The kind of poetry I really love is the corny stuff: the epic poem about Columbus, I forgot its title, that we read in high school—”Before him not the ghost of land/Before him only shoreless seas”—and in the last verse, after sailing on and on and on, there’s “a light, a light, a lamp!” and he’s found America. How that thrilled me.
—Johnny Cash, Cash: The Autobiography, Part 4, Chapter 1
I don’t think I’ve read the poem before and I had trouble finding much about it online. I’m not sure if this is an excerpt or the entire poem, and the title was not listed anywhere, so I’m calling it Columbus. If you know more about it, please leave a comment for me!
Columbus
By Joaquin Miller
Behind him lay the gray Azores,
Behind the Gates of Hercules;
Before him not the ghost of shores,
Before him only shoreless seas.
The good mate said: “Now must we pray,
For lo! the very stars are gone.
Brave Admiral, speak, what shall I say?”
“Why, say, ‘Sail on! sail on! and on!’”
“My men grow mutinous day by day;
My men grow ghastly wan and weak.”
The stout mate thought of home; a spray
Of salt wave washed his swarthy cheek.
“What shall I say, brave Admiral, say,
If we sight naught but seas at dawn?”
“Why, you shall say at break of day,
‘Sail on! sail on! sail on! and on!’”
They sailed and sailed, as winds might blow,
Until at last the blanched mate said:
“Why, now not even God would know
Should I and all my men fall dead.
These very winds forget their way,
For God from these dread seas is gone.
Now speak, brave Admiral, speak and say”—
He said: “Sail on! sail on! and on!”
They sailed. They sailed. Then spake the mate:
“This mad sea shows his teeth to-night.
He curls his lip, he lies in wait,
With lifted teeth, as if to bite!
Brave Admiral, say but one good word:
What shall we do when hope is gone?”
The words leapt like a leaping sword:
“Sail on! sail on! sail on! and on!”
Then, pale and worn, he kept his deck,
And peered through darkness.
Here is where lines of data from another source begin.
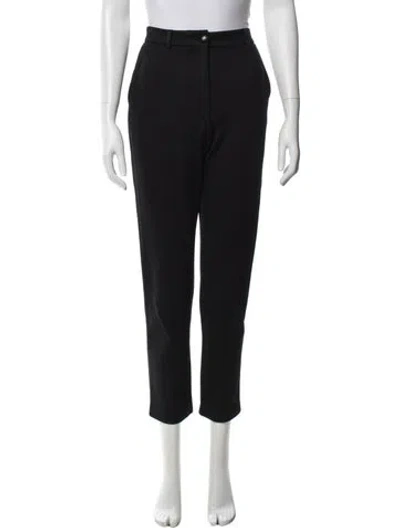 Pre-owned Dolce & Gabbana Virgin Wool Skinny Leg Pants In Black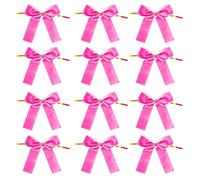 Generico Christmas Bows - 3.35x3.35 Inches, Ribbon Bow, Lightweight | Comfortable Red Bows, Burgundy for Christmas Tree Garland Wreath Gift Wrapping Indoor Outdoor Holiday Wedding Party Decoration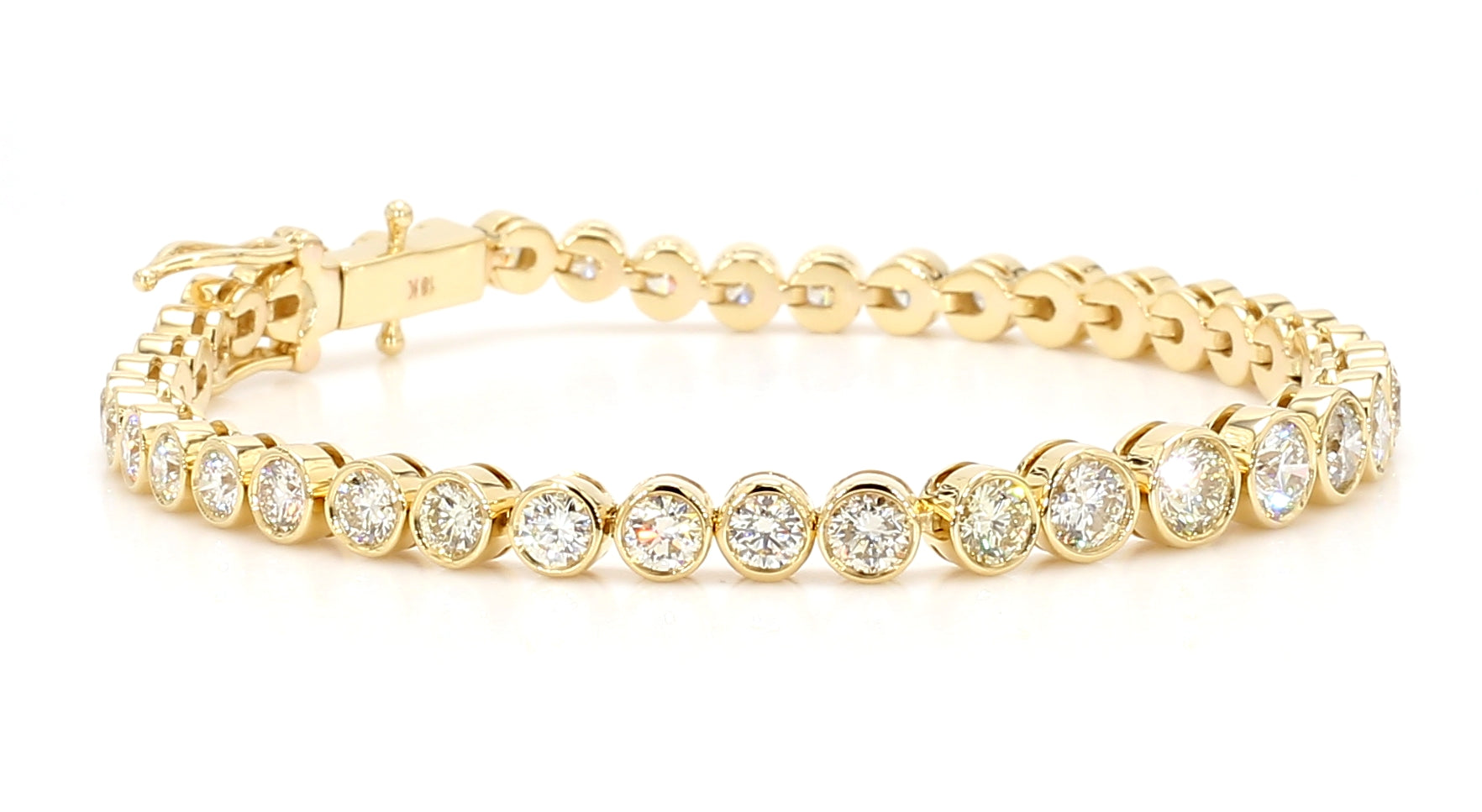 Natural White Round Diamond Bracelet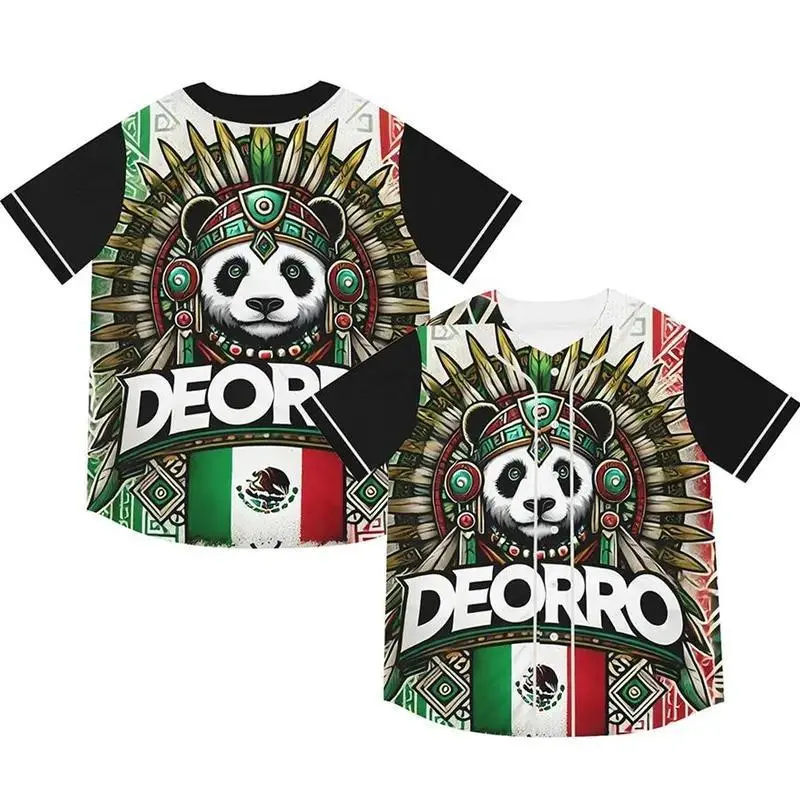 Deorro Mexico Rave Baseball Jersey EDM Music Shirt, EDM Festival Family Gift, Unisex Breathable Men's Jersey, 420 Lover Graphic Shirt, Gift For Baseball Fan EDM Electronics Music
Ah, that night
Of all dark nights! And then a speck—
A light! A light! A light! A light!
It grew, a starlit flag unfurled!
It grew to be Time’s burst of dawn.
He gained a world; he gave that world
Its grandest lesson: “On! sail on!”

This poem is by Joaquin Miller. Also, a verse was omitted. See http://www.theotherpages.org/poems/miller01.html
Charlotte,
Thank you so much for the information. I don’t know where I found the attribution to Tyner. Over the years of posting poems, I’ve learned more about fact checking.